We’ll go through an example of how to add a simple one-hidden-layer MLP architecture for CIFAR:

  1. Let’s set up our imports and instantiate the dataset:

    from torch import nn
    from robustness.model_utils import make_and_restore_model
    from robustness.datasets import CIFAR
    
    ds = CIFAR('/path/to/cifar')
    
  2. Implement and create an instance of your model:

    class MLP(nn.Module):
       # Must implement the num_classes argument
       def __init__(self, num_classes=10):
          super().__init__()
          self.fc1 = nn.Linear(32*32*3, 1000)
          self.relu1 = nn.ReLU()
          self.fc2 = nn.Linear(1000, num_classes)
    
       def forward(self, x, *args, **kwargs):
          out = x.view(x.shape[0], -1)
          out = self.fc1(out)
          out = self.relu1(out)
          return self.fc2(out)
    
    model = MLP(num_classes=10)
    
  3. Call robustness.model_utils.make_and_restore_model(), but this time feed in model instead of a string with the architecture name:

    model, _ = make_and_restore_model(arch=model, dataset=ds)
    
  4. (If all you want to do with this architecture is training a model, you can skip this step). In order to make it fully compatible with the robustness library, the :forward function of our architecture must support the following three (boolean) arguments:

    • with_latent : If this option is given, forward should return the output of the second-last layer along with the logits.
    • fake_relu : If this option is given, replace the ReLU just after the second-last layer with a custom_modules.FakeReLUM, which is a ReLU on the forwards pass and identity on the backwards pass.
    • no_relu : If this option is given, then with_latent should return the pre-ReLU activations of the second-last layer.

    These options are usually actually quite simple to implement:

    from robustness.imagenet_models import custom_modules
    
    class MLP(nn.Module):
       # Must implement the num_classes argument
       def __init__(self, num_classes=10):
          super().__init__()
          self.fc1 = nn.Linear(32*32*3, 1000)
          self.relu1 = nn.ReLU()
          self.fake_relu1 = custom_modules.FakeReLUM()
          self.fc2 = nn.Linear(1000, num_classes)
    
       def forward(self, x, with_latent=False, fake_relu=False, no_relu=False):
          out = x.view(x.shape[0], -1)
          pre_relu = self.fc1(out)
          out = self.fake_relu1(pre_relu) if fake_relu else self.relu1(pre_relu)
          final = self.fc2(out)
          if with_latent:
             return (final, pre_relu) if no_relu else (final, out)
          return final
    

That’s it!
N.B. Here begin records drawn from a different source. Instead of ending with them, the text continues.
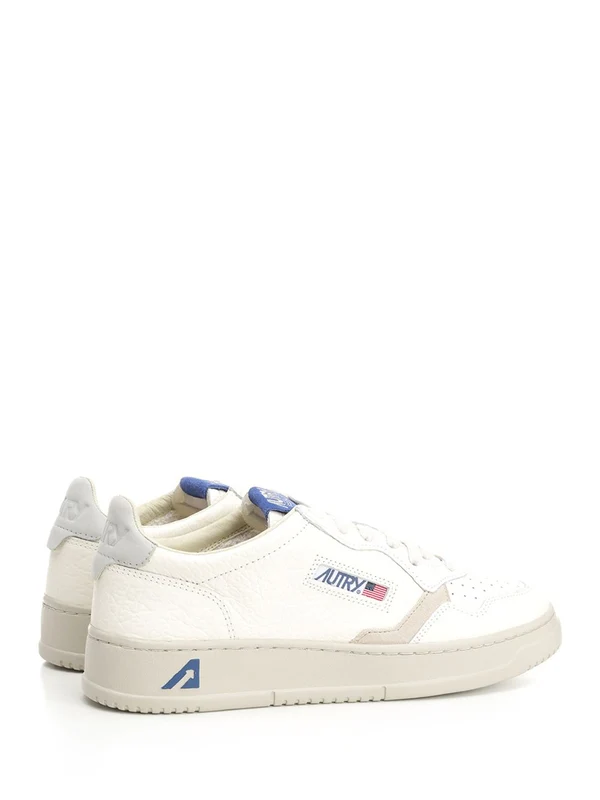 Medalist Low-top Sneakers - Image 3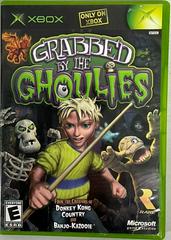 Grabbed by the Ghoulies Xbox Prices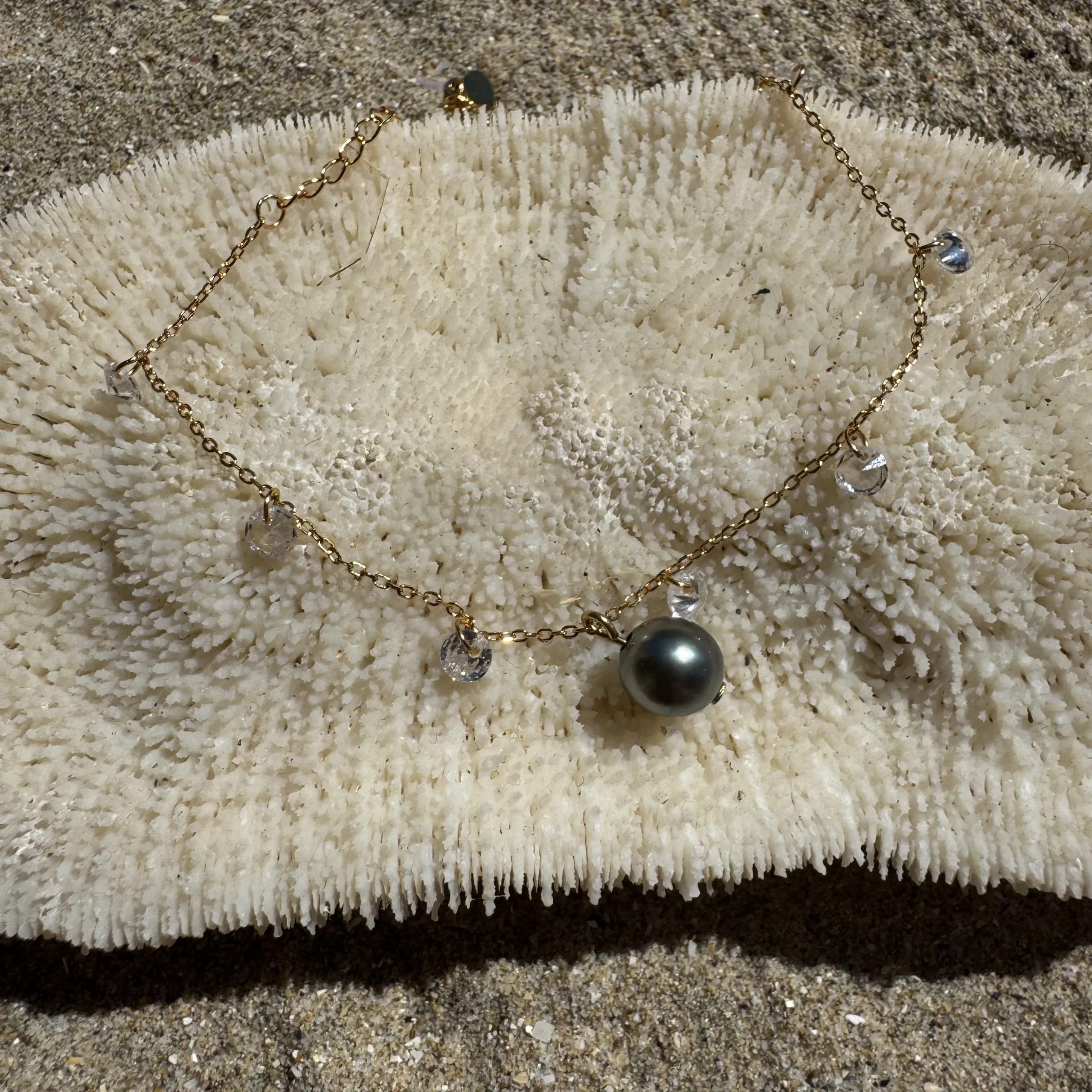 BRACELET MANA NUI DORE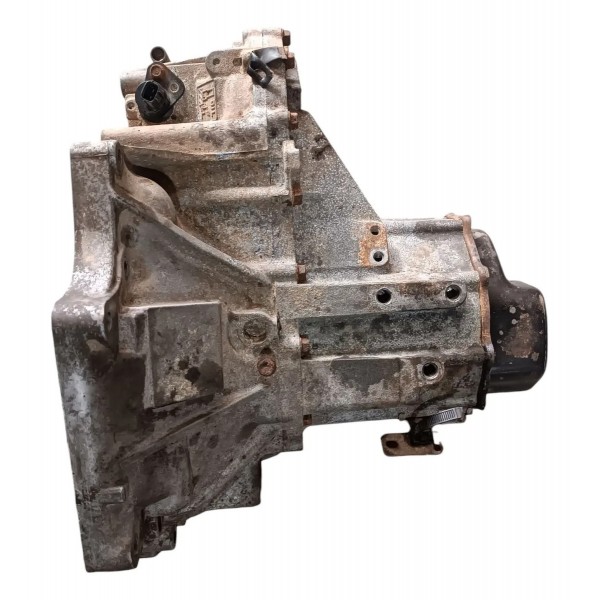 Caixa Câmbio Manual Mazda Mx3 1991 1998 1.6 16v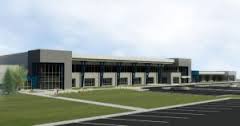 Hach Co. is building a new 86,000-square-foot R&D facility in Loveland. Image courtesy Hach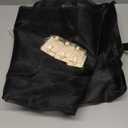 NWK Magic Dog Gate for Stairs Pet Gate for The House Providing a Safe Enclosure for Pets to Play and Rest, 6 Hooks Design (30'' X 70'')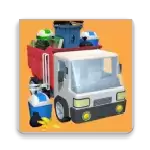 垃圾城市TrashVille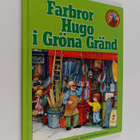 Virginia Parsons : Farbror Hugo i Gröna gränd - pikkukuva 1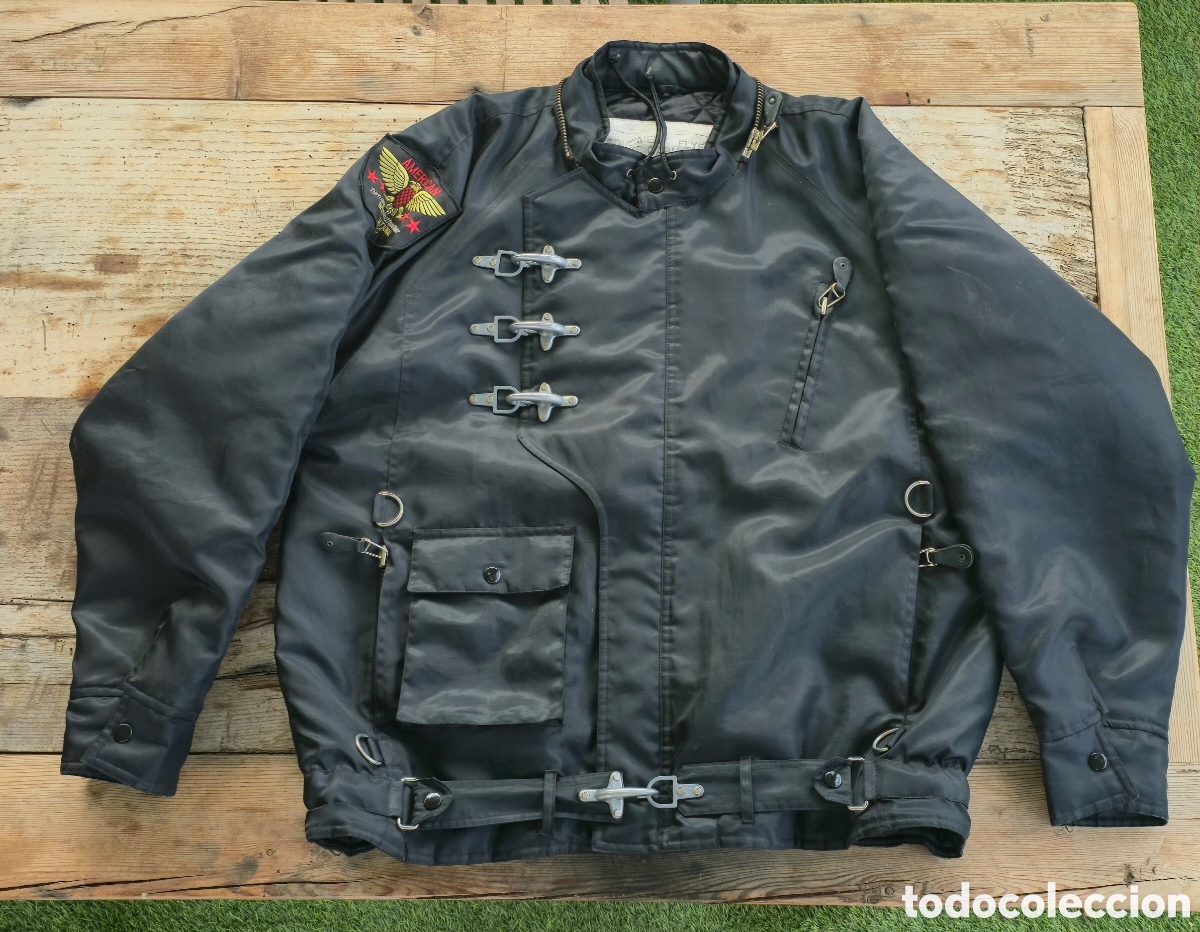 Vintage: Bomber Flyers vintage
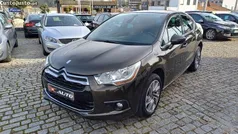 Citroën DS4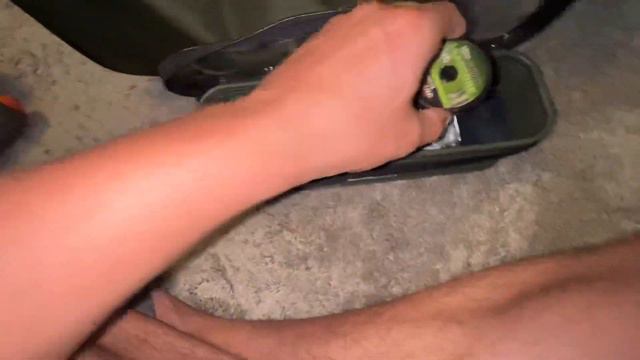 Сумка карпятника. смотреть онлайн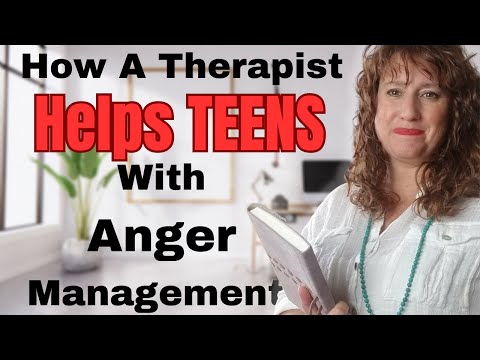 Local Anger Management Resources for Psychological Support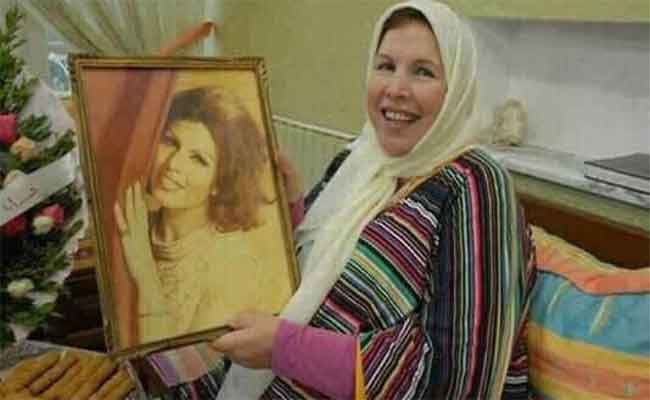 الفن التونسي يفقد أيقونته” نعمة”…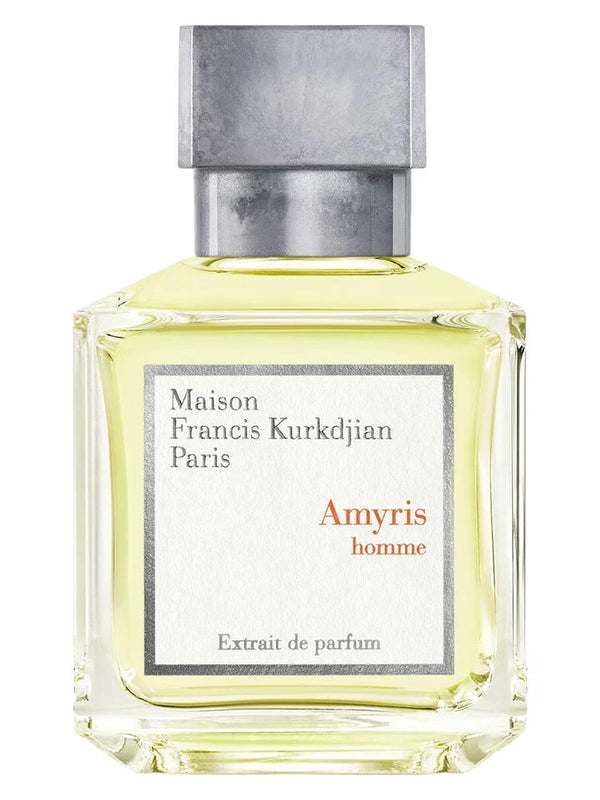 MFK-Amyris Homme Extrait De Parfum 70ml
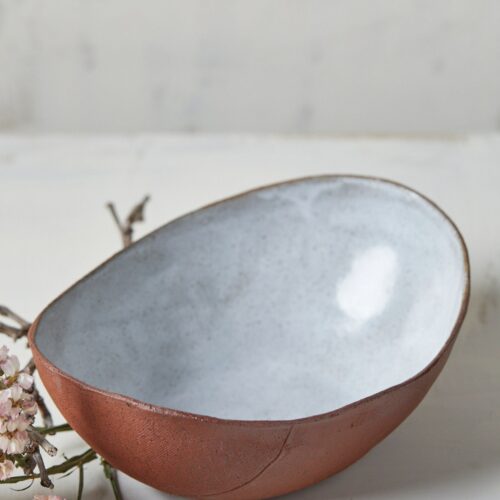 ShellyClayspot Fine Functional Ceramics from Israel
Now, just like for custom datasets, if you want these architectures to be available via the command line tool, you’ll have to clone the robustness repository and pip install it locally. You’ll also have to do the following:

  1. Put the declaration of the MLP class into its own mlp.py file, and add this file to the cifar_models folder
  1. In cifar_models/__init__.py, add the line:

    from .mlp import MLP
    
  2. The new architecture is now available as:

    from robustness.model_utils import make_and_restore_model
    from robustness.datasets import CIFAR
    ds = CIFAR('/path/to/cifar')
    model, _ = make_and_restore_model(arch='MLP', dataset=ds)
    

    and via the command line option --arch MLP.